─── Given material
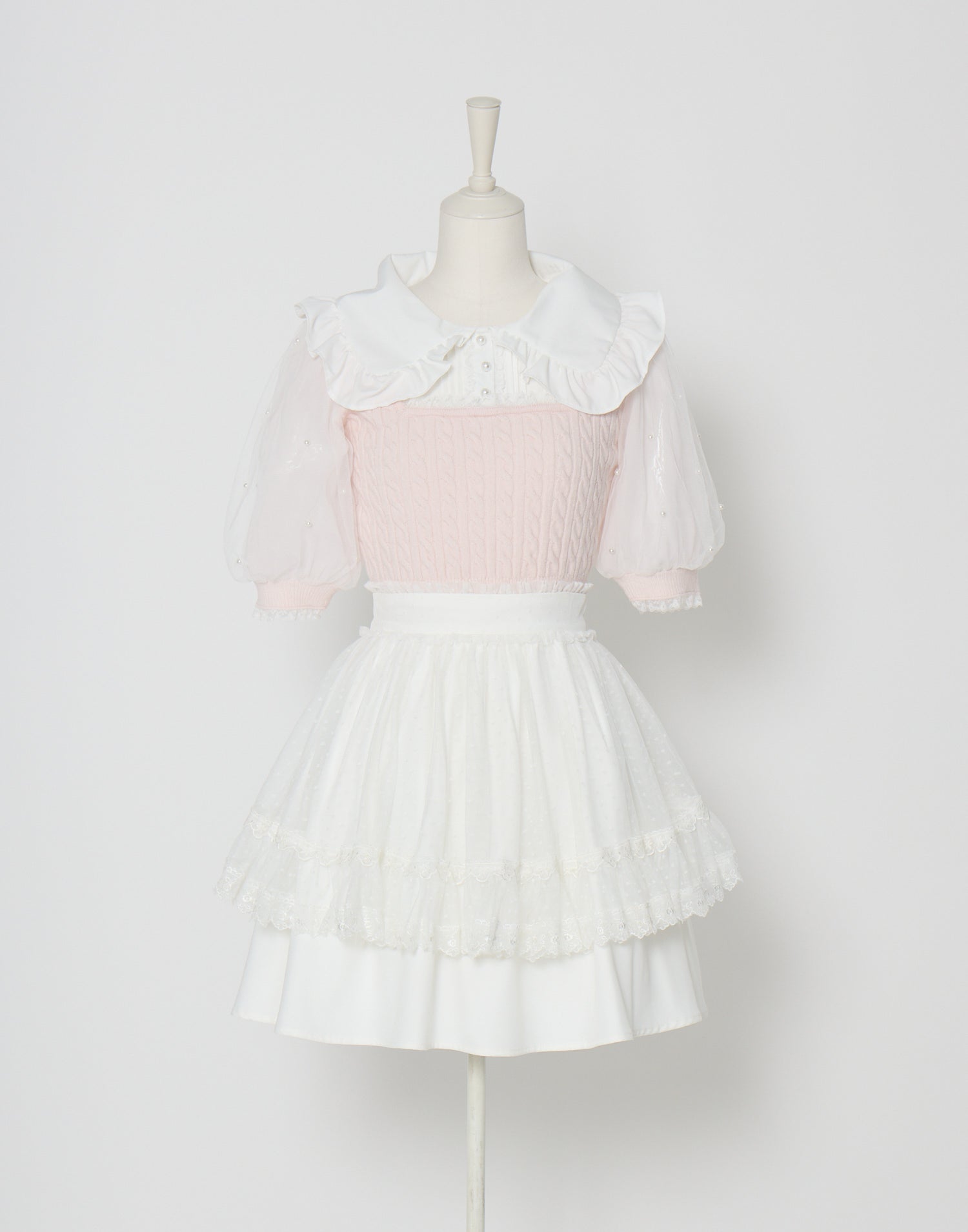 mellfy memory Love to Doll knit tops
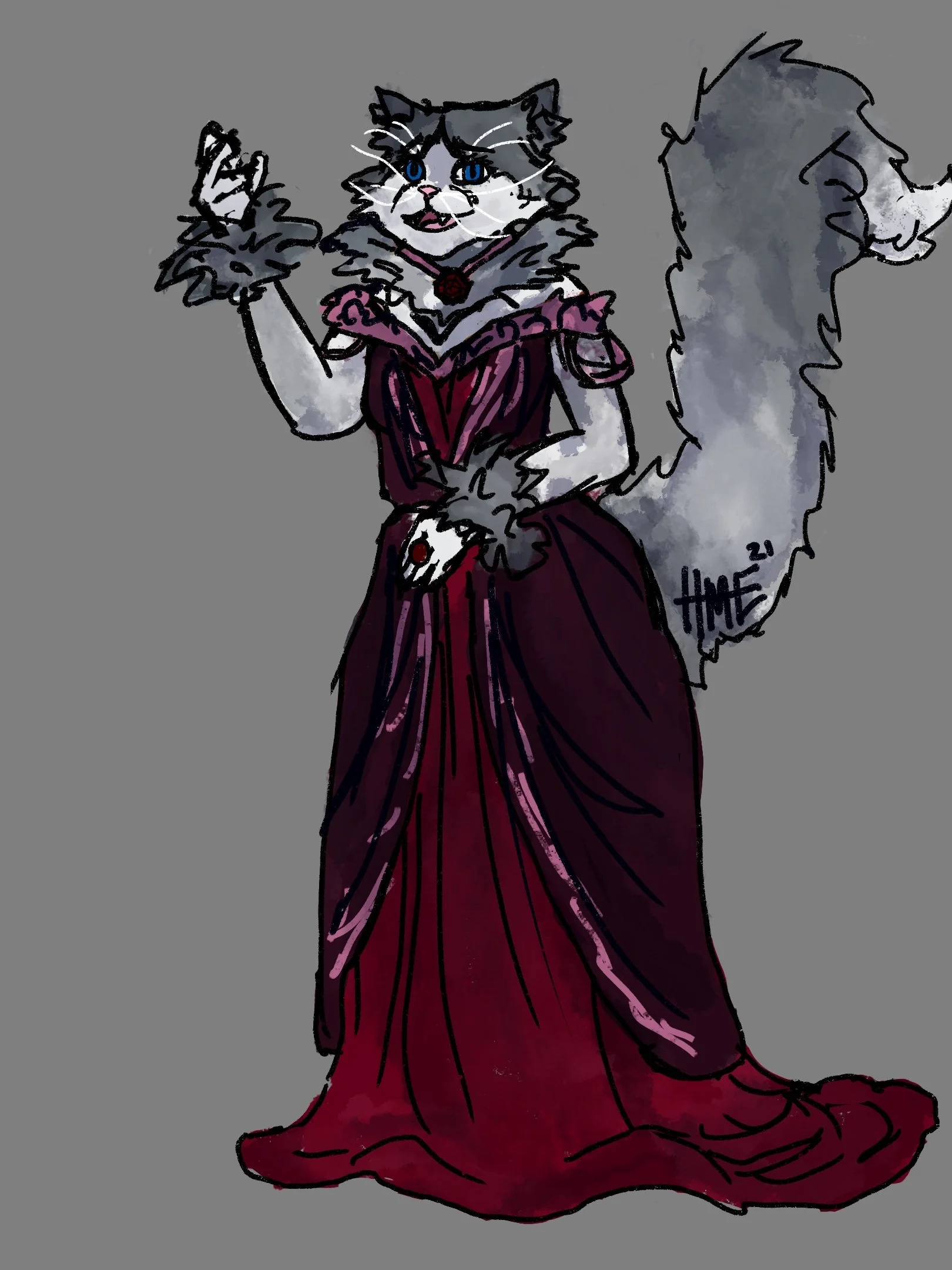 Original Character for Dimension 20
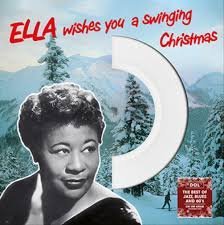 ELLA FITZGERALD - Ella Wishes You A Swinging Christmas (Coloured Vinyl) Vinyl Record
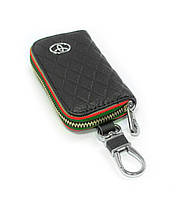 Ключниця Carss з логотипом TOYOTA 07009 чорна, фото 2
──────
### [Description of the task]
Without reproducing any picture, repeat exactly the lines from the one containing "ELLA FITZGERALD - Ella" through the last line of the material above, both ends included.

### [Solution]
 ELLA FITZGERALD - Ella Wishes You A Swinging Christmas (Coloured Vinyl) Vinyl Record
 Ключниця Carss з логотипом TOYOTA 07009 чорна, фото 2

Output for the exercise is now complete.